Draft Runs#


A draft run is the execution of a draft pipeline. Use draft runs for development purposes only. The SDK enables you to interact with draft runs on the StreamSets Platform including starting a draft run, stopping a draft run, deleting a draft run, retrieving a draft run. For more details, refer to the StreamSets Platform Documentation for draft runs.

Note

A draft run can only run for a pipeline in draft mode.

Starting a Draft Run#

In the Platform UI, to start a draft run you have to visit the pipeline’s canvas:

../_images/start_draftrun_ui.png

In the SDK to create a new streamsets.sdk.sch_models.DraftRuns object or restart an existing streamsets.sdk.sch_models.DraftRuns and add it to the Platform, first retrieve the streamsets.sdk.sch_models.Pipeline object that you wish to create the draft run for. Next pass that object to the streamsets.sdk.ControlHub.start_draft_run():

pipeline = sch.pipelines.get(name='Test Pipeline')
sch.start_draft_run(pipeline=pipeline)

Retrieving an Existing Draft Run#

In the Platform UI, a list of draft runs can be found and further filtered:

../_images/draftrun_ui.png

The equivalent steps in the SDK to retrieve, you can reference the streamsets.sdk.ControlHub.draft_runs attribute of your streamsets.sdk.ControlHub instance. You can also further filter and refine the Draft Runs returned based on attributes including job_name, job_status, and job_id:

# Returns a list of all draft run instances in 'INACTIVE' status
sch.draft_runs.get_all(job_status='INACTIVE')
# Retrieve a particular draft run's based on name
draft_run = sch.draft_runs.get(job_name='job name')
# Returns a single draft run instance that matches the supplied ID
sch.draft_runs.get(id='acd9dea6-ffcd-4ae0-86e2-bef38c000304:9e1e3faa-ca28-4c05-9edb-3b18aaba4604')

Stopping a Draft Run#

When a draft run has served it’s purpose but may need to be restarted later, you can stop the draft run. In the Platform UI, stopping a draft run can be done as shown:

../_images/stop_draftrun_ui.png

The SDK equivalent of stopping a draft run requires first retrieving the streamsets.sdk.sch_models.DraftRun object, then passing that object to the streamsets.sdk.ControlHub.stop_draft_run() method:

# Get draft run instance to stop
draft_run = sch.draft_runs.get(job_name='job name')
sch.stop_draft_run(draft_run)

Deleting a Draft Run#

When a draft run has served it’s purpose, and is no longer necessary you can delete the draft run. Deleting a draft run in the UI can be done similarly to stopping:

../_images/delete_draftrun_ui.png

To delete a draft run in the SDK first retrieve the streamsets.sdk.sch_models.DraftRun object next pass that object to the streamsets.sdk.ControlHub.delete_draft_run() method:

# Get draft run instance to delete
draft_run = sch.draft_runs.get(job_name='job name')
sch.delete_draft_run(draft_run)

Snapshots#

Once a snapshot is captured, it’s possible to inspect what data was captured.

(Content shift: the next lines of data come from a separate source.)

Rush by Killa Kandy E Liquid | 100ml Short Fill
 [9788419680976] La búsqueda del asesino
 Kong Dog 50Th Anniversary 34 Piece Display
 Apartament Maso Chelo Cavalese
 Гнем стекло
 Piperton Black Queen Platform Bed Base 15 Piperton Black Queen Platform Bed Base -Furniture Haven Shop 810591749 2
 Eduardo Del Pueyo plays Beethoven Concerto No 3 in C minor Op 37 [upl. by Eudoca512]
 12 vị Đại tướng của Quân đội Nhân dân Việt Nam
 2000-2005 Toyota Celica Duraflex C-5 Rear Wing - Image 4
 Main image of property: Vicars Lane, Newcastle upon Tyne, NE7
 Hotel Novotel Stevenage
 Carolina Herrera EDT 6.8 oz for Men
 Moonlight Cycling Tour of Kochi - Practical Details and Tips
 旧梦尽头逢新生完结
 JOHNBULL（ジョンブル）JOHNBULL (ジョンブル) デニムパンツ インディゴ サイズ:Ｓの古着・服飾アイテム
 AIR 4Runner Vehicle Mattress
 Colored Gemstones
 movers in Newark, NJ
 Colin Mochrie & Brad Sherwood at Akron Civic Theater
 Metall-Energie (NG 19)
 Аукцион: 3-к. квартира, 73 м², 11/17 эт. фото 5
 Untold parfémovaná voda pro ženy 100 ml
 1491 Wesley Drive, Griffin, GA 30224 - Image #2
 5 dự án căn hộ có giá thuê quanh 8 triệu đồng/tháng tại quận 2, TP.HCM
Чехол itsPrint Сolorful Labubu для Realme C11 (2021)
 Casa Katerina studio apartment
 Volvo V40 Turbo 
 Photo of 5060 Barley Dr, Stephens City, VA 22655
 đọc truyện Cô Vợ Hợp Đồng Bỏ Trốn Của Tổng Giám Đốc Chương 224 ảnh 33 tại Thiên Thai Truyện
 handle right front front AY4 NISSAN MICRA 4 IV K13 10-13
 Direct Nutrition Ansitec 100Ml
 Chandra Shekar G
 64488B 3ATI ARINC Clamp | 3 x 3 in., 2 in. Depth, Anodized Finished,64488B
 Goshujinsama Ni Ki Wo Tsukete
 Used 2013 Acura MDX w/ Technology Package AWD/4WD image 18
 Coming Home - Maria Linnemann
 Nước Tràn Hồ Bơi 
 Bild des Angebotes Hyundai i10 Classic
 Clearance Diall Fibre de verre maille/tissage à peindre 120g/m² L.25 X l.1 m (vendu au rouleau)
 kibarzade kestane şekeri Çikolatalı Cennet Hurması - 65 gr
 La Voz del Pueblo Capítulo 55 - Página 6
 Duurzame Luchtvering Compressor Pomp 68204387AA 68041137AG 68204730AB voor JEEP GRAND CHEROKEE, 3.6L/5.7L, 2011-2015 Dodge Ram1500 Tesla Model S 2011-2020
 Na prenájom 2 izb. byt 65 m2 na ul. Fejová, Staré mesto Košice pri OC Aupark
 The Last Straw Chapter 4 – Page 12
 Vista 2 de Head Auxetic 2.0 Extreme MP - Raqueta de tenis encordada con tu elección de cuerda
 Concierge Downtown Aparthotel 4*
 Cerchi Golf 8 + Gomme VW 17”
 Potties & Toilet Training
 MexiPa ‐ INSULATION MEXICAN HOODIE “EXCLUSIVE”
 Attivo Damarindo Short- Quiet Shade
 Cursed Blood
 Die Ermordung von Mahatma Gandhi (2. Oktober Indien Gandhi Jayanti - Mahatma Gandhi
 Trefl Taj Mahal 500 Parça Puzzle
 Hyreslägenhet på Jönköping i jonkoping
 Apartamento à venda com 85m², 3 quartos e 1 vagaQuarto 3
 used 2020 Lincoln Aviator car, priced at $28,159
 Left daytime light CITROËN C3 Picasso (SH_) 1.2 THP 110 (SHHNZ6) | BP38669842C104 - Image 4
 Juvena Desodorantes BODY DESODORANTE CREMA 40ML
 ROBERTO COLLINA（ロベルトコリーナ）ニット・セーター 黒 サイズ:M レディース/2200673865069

In the UI snapshots can be accessed from the pipeline canvas once the draft run is started as shown below:

../_images/snapshots_ui.png

Retrieving an Existing Snapshot#

To access snapshots for a draft run, reference the streamsets.sdk.sch_models.DraftRun.snapshots attribute of a streamsets.sdk.sch_models.DraftRun instance. This will return a streamsets.sdk.utils.SeekableList of streamsets.sdk.sch_models.Snapshot objects that are in chronological order:

draft_run = sch.draftRuns.get(job_name='job name')
# Get all snapshots belonging to that draft run
snapshots = draft_run.snapshots
# Get a specific snapshot
snapshots = draft_run.snapshot.get(name="Snapshot3")

Capturing a Snapshot#

To generate a snapshot for an existing draft run reference the streamsets.sdk.sch_models.DraftRun.capture_snapshot(), you could use the following steps:

draft_run = sch.draftRuns.get(job_name='job name')
draft_run.capture_snapshot()

Deleting a Snapshot#

If you’ve successfully generated a snapshot for a pipeline and no longer need to retain it, it can be deleted using the streamsets.sdk.sch_models.DraftRun.remove_snapshot() method. The method expects to receive a streamsets.sdk.sch_models.DraftRun instance as an argument:

draft_run = sch.draftRuns.get(job_name='job name')
snapshot = draft_run.snapshots.get(name='snapshot_name')
draft_run.remove_snapshot(snapshot)

Logs#

Retrieving logs#

In the UI, you get view logs belonging to a draft run from the pipeline canvas:

../_images/logs_ui.png

In the SDK to view logs belonging to a draft run reference the streamsets.sdk.sch_models.DraftRun.get_logs(), in return you get a list of dict instances, each a log line:

draft_run = sch.draftRuns.get(job_name='job name')
logs = draft_run.get_logs()

Bringing It All Together#

The complete scripts from this section can be found below.

# Start a draft run
pipeline = sch.pipelines.get(name='Test Pipeline')
sch.start_draft_run(pipeline=pipeline)

# Retrieve a particular draft run's based on name
draft_run = sch.draft_runs.get(job_name='Draft Run for Test Pipeline')
# Take Snapshot of draft run
draft_run.capture_snapshot()
# Get Snapshot
snapshot = draft_run.snapshots.get(name='Snapshot1')
# Remove snapshot
draft_run.remove_snapshot(snapshot)
# Get snapshot logs
draft_run.get_logs()
# Stop draft run instance
sch.stop_draft_run(draft_run)
# Delete Draft Run
sch.delete_draft_run(draft_run)